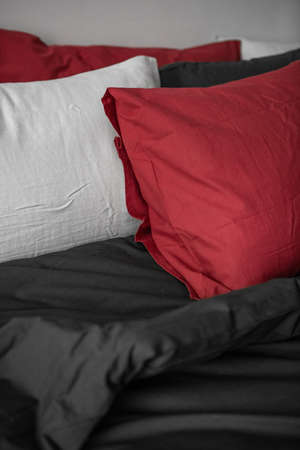 home textile pillows eco fabric cotton luxury collectionの写真素材
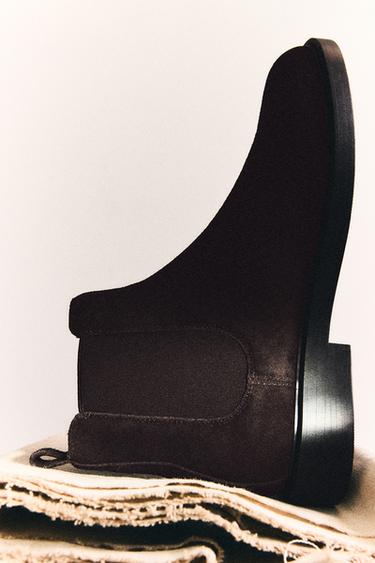 BOTA CHELSEA PIEL - Marrón de Zara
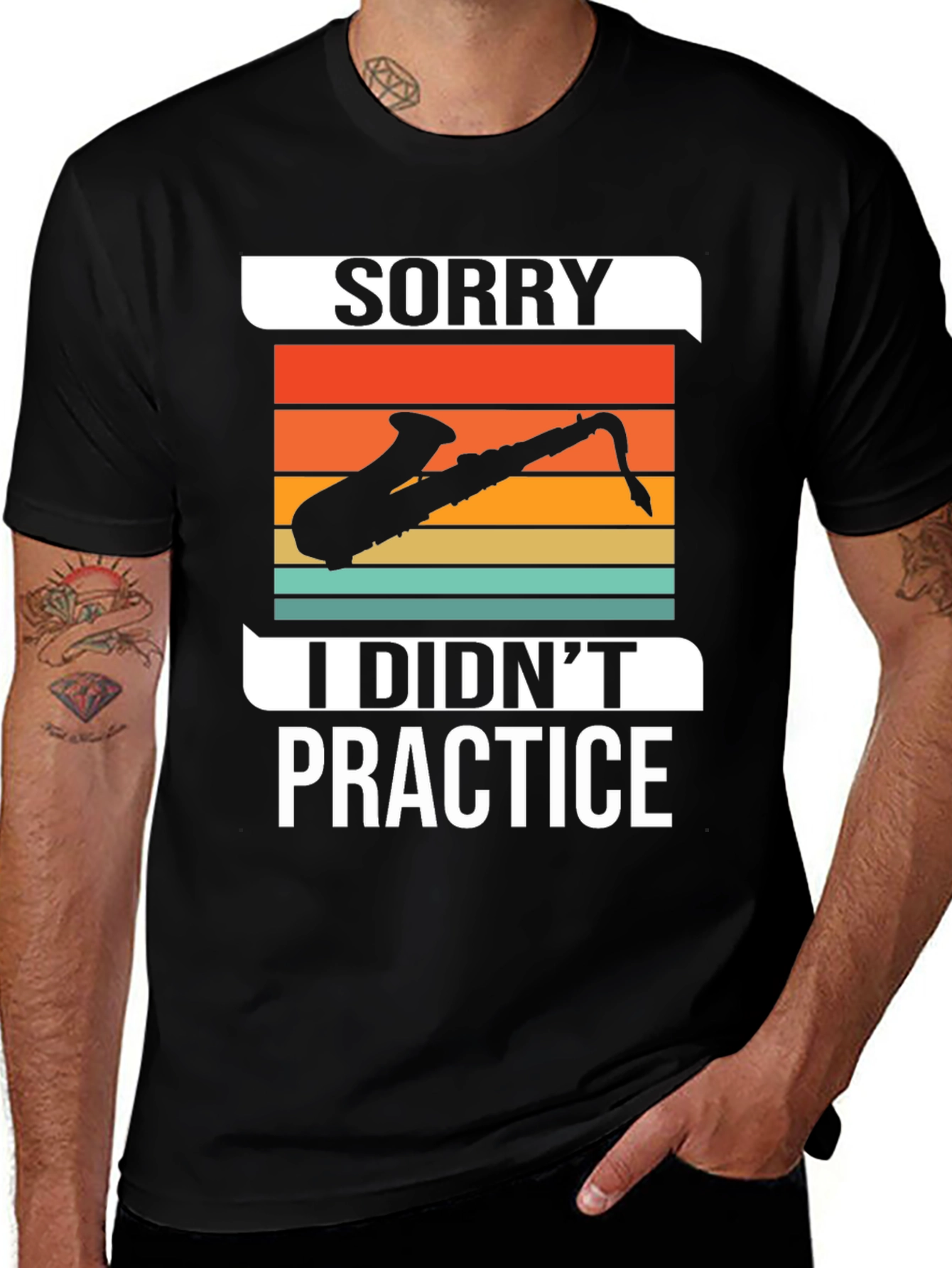 Sorry I Didn't Practice Saxophone Graphic Tee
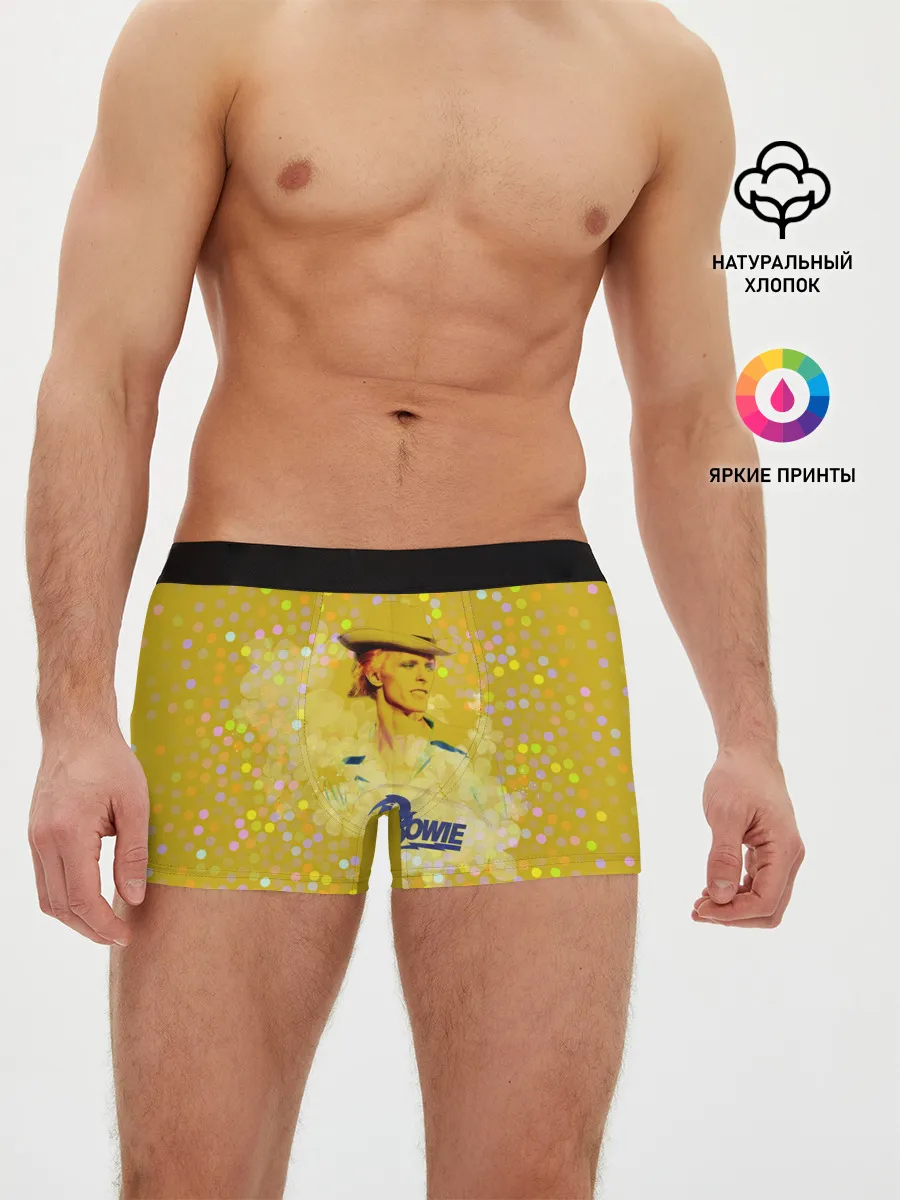 Мужские трусы боксеры / David Bowie Gold Star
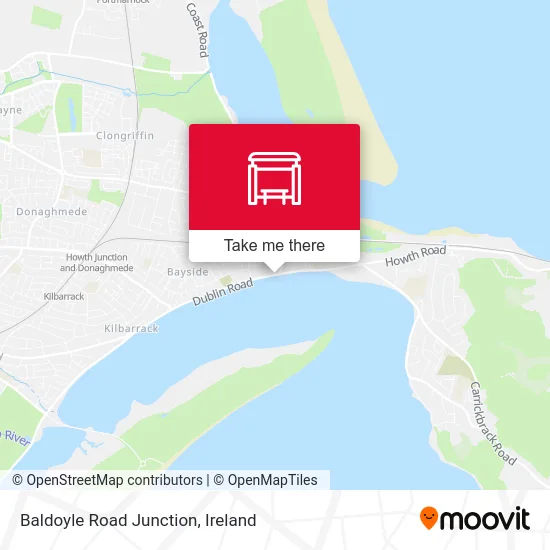 Baldoyle Road Junction map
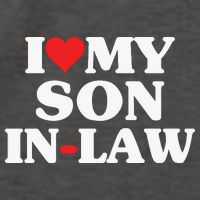 I Love My Son In Law Heart Funny Vector Backpack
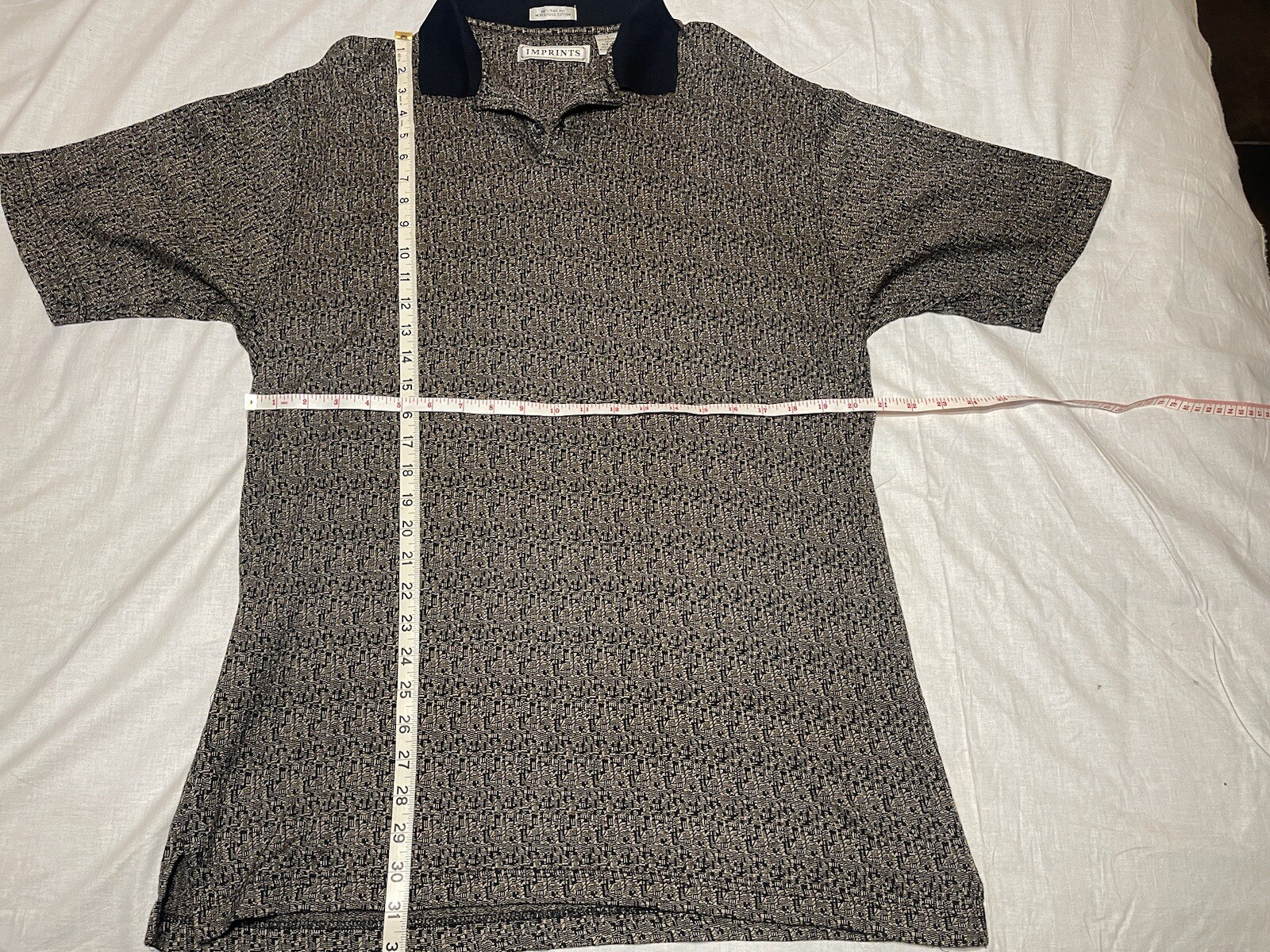 Imprints Patterned Collared Shirt - image 2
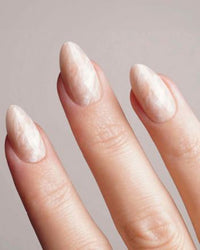 Künstliche Nägel, Soft Gel Press Ons Nude Marble Short Almond, 30 St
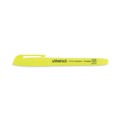 Universal UNV08856 Chisel Tip Pocket Highlighter Value Pack - Yellow (36/Pack) image number 1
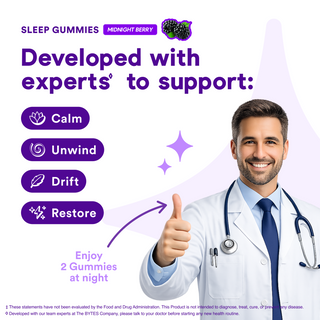 Sleep Bytes 60 Midnight Berry Gummies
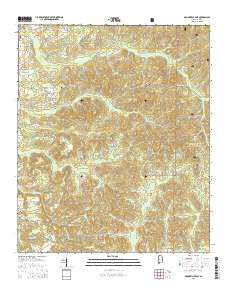 Moundville East Alabama Current topographic map, 1:24000 scale, 7.5 X 7.5 Minute, Year 2014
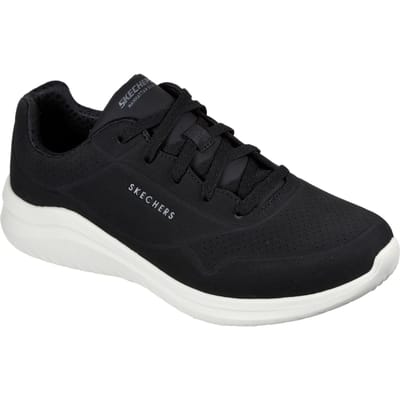 Skechers Ultra Flex 2.0 Vicinity Synthetic Heren Zwart/Wit Trainers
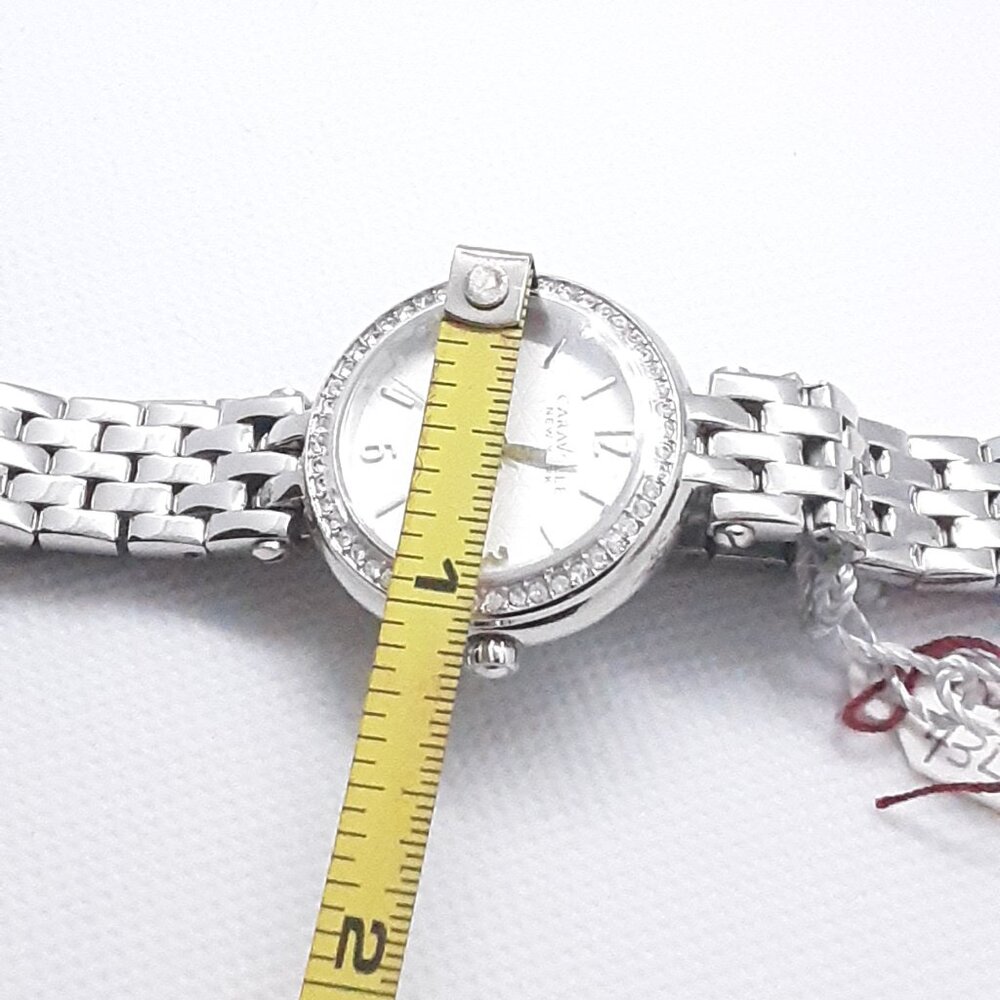 NEW With Tags Authentic Bulova Ladies Silver Tone and cz Watch - Picture 11 of 15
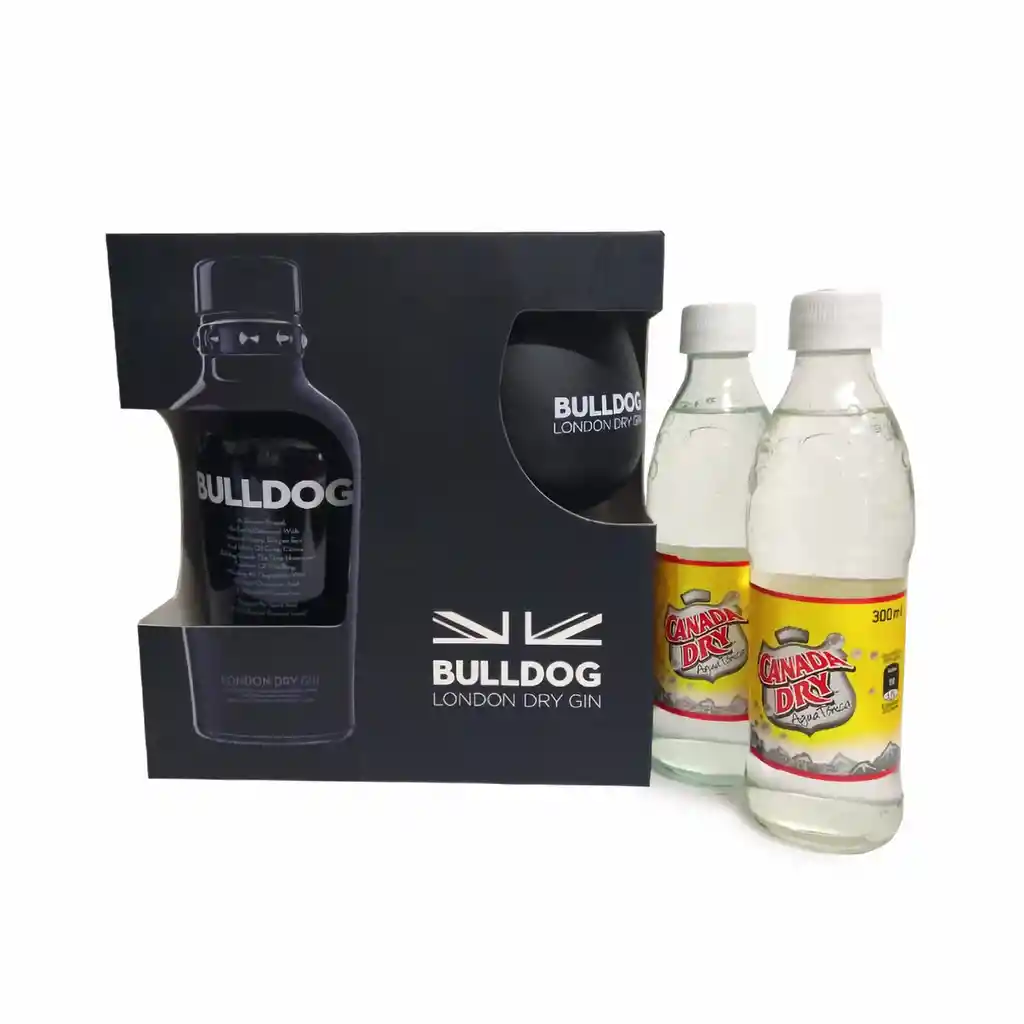 Bulldog Ginebra + 2 Tónicas Ginger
^^^^^^^^^^^^^^^^
About this exercise:
Repeat all the material exactly, but keep pictures out of the copy.

Answer to this problem:
 home textile pillows eco fabric cotton luxury collectionの写真素材
 BOTA CHELSEA PIEL - Marrón de Zara
 Sorry I Didn't Practice Saxophone Graphic Tee
 Мужские трусы боксеры / David Bowie Gold Star
 Baldoyle Road Junction map
 I Love My Son In Law Heart Funny Vector Backpack
 Imprints Patterned Collared Shirt - image 2
 Künstliche Nägel, Soft Gel Press Ons Nude Marble Short Almond, 30 St
 Universal UNV08856 Chisel Tip Pocket Highlighter Value Pack - Yellow (36/Pack) image number 1
 Sleep Bytes 60 Midnight Berry Gummies
 Moundville East Alabama Current topographic map, 1:24000 scale, 7.5 X 7.5 Minute, Year 2014
 Skechers Ultra Flex 2.0 Vicinity Synthetic Heren Zwart/Wit Trainers
 NEW With Tags Authentic Bulova Ladies Silver Tone and cz Watch - Picture 11 of 15
 Bulldog Ginebra + 2 Tónicas Ginger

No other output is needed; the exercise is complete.